They're Watching You at Work - Don Peck - The Atlantic
Perhaps the most widespread bias in hiring today cannot even be detected with the eye. In a recent survey of some 500 hiring managers, undertaken by the Corporate Executive Board, a research firm, 74 percent reported that their most recent hire had a personality “similar to mine.” Lauren Rivera, a sociologist at Northwestern, spent parts of the three years from 2006 to 2008 interviewing professionals from elite investment banks, consultancies, and law firms about how they recruited, interviewed, and evaluated candidates, and concluded that among the most important factors driving their hiring recommendations were—wait for it—shared leisure interests. “The best way I could describe it,” one attorney told her, “is like if you were going on a date. You kind of know when there’s a match.” Asked to choose the most-promising candidates from a sheaf of fake résumés Rivera had prepared, a manager at one particularly buttoned-down investment bank told her, “I’d have to pick Blake and Sarah. With his lacrosse and her squash, they’d really get along [with the people] on the trading floor.” Lacking “reliable predictors of future performance,” Rivera writes, “assessors purposefully used their own experiences as models of merit.” Former college athletes “typically prized participation in varsity sports above all other types of involvement.” People who’d majored in engineering gave engineers a leg up, believing they were better prepared.

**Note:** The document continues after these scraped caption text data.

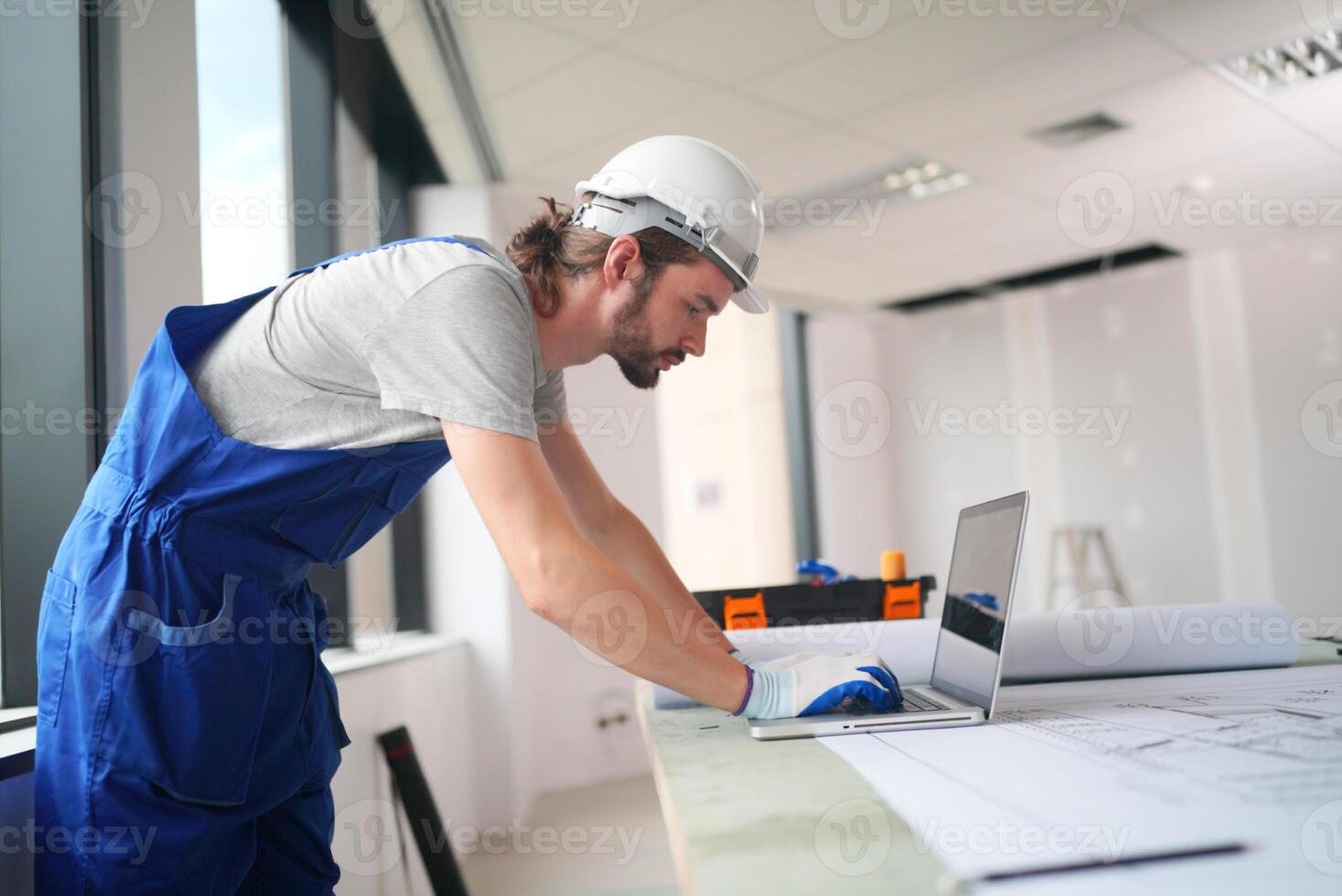 A man in blue overalls working on a laptop photo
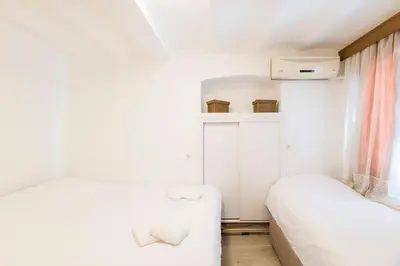 a small bedroom with two beds and a window at Beautiful 2BR House w/AC 400meters Taksim Square in Istanbul
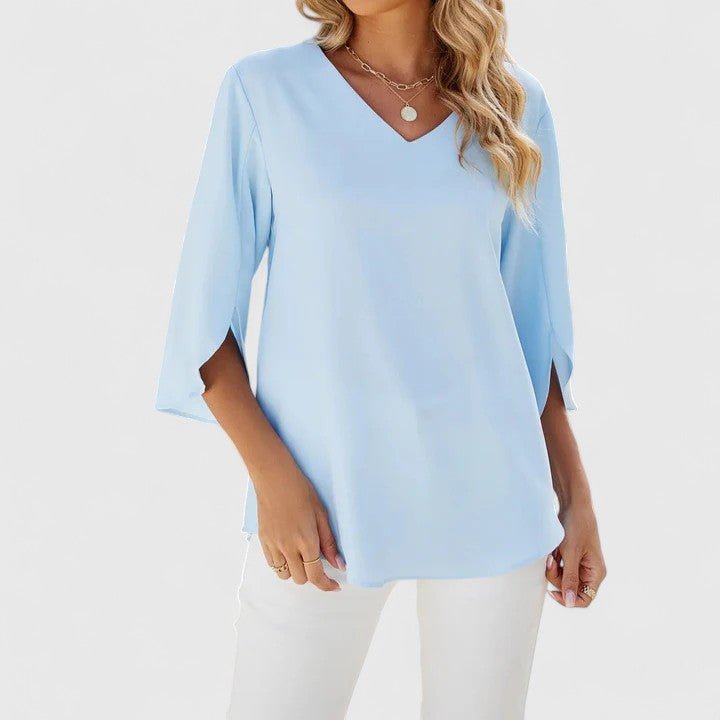 Relaxed fit women's blouse: V-neck, ruffles, and split sleeves for a modern, feminine look.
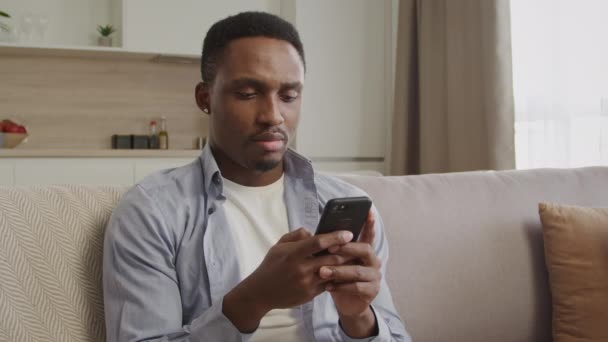 Portret van een Afrikaan die denkt en typt op een smartphone in zijn appartement. — Stockvideo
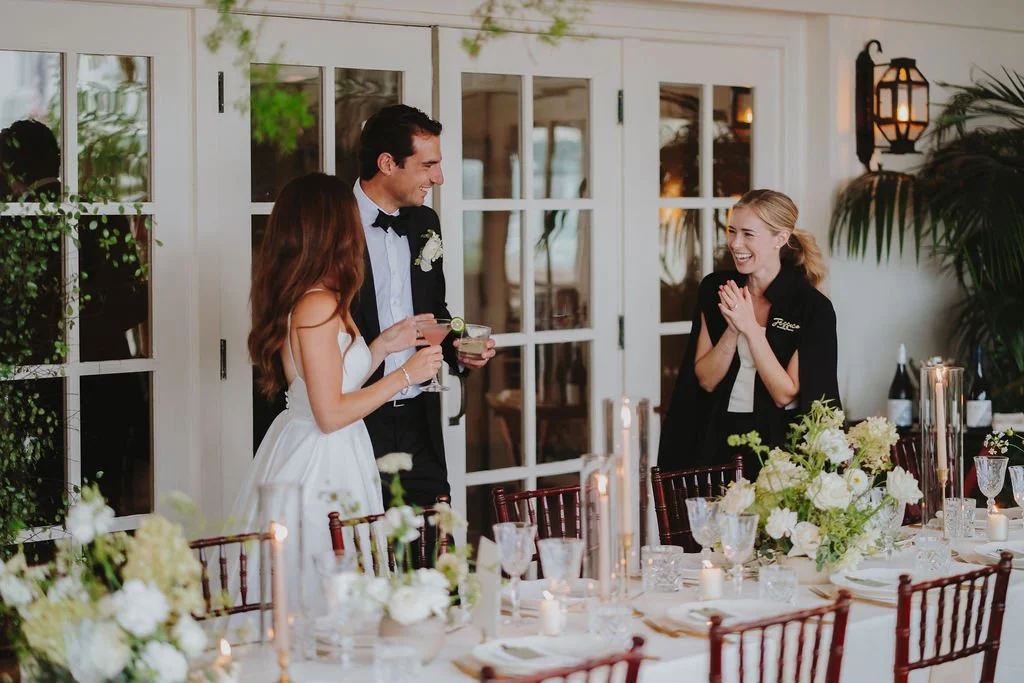 Wedding Couple smiling at Owner, standing over their table
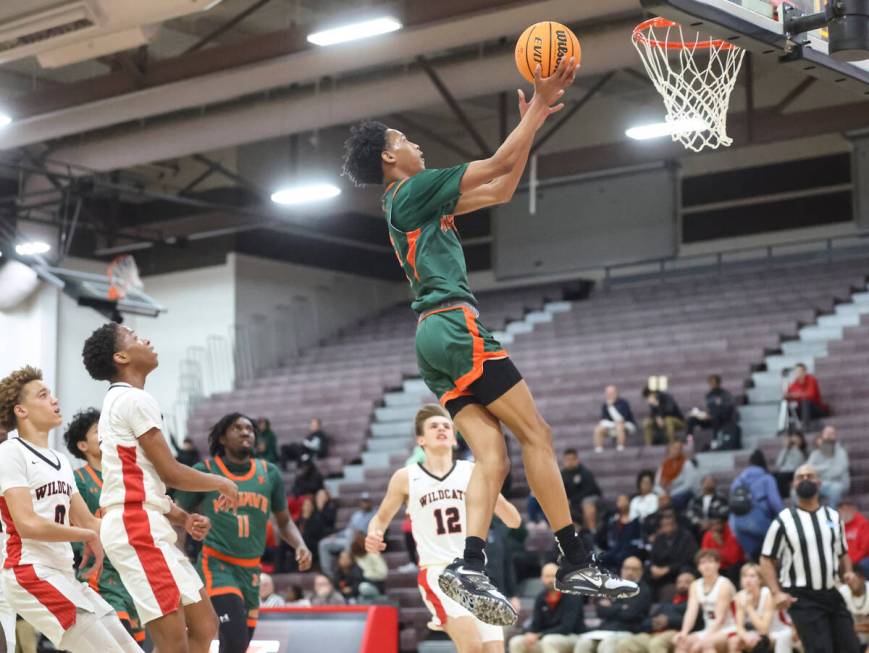 Mojave's C.J. Shaw (3) lays up the ball against Las Vegas during the first half of a basketball ...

Given this sort of clubby, insular thinking, it should come as no surprise that the prevailing system of hiring and management in this country involves a level of dysfunction that should be inconceivable in an economy as sophisticated as ours. Recent survey data collected by the Corporate Executive Board, for example, indicate that nearly a quarter of all new hires leave their company within a year of their start date, and that hiring managers wish they’d never extended an offer to one out of every five members on their team. A survey by Gallup this past June, meanwhile, found that only 30 percent of American workers felt a strong connection to their company and worked for it with passion. Fifty-two percent emerged as “not engaged” with their work, and another 18 percent as “actively disengaged,” meaning they were apt to undermine their company and co-workers, and shirk their duties whenever possible. These headline numbers are skewed a little by the attitudes of hourly workers, which tend to be worse, on average, than those of professional workers. But really, what further evidence do we need of the abysmal status quo?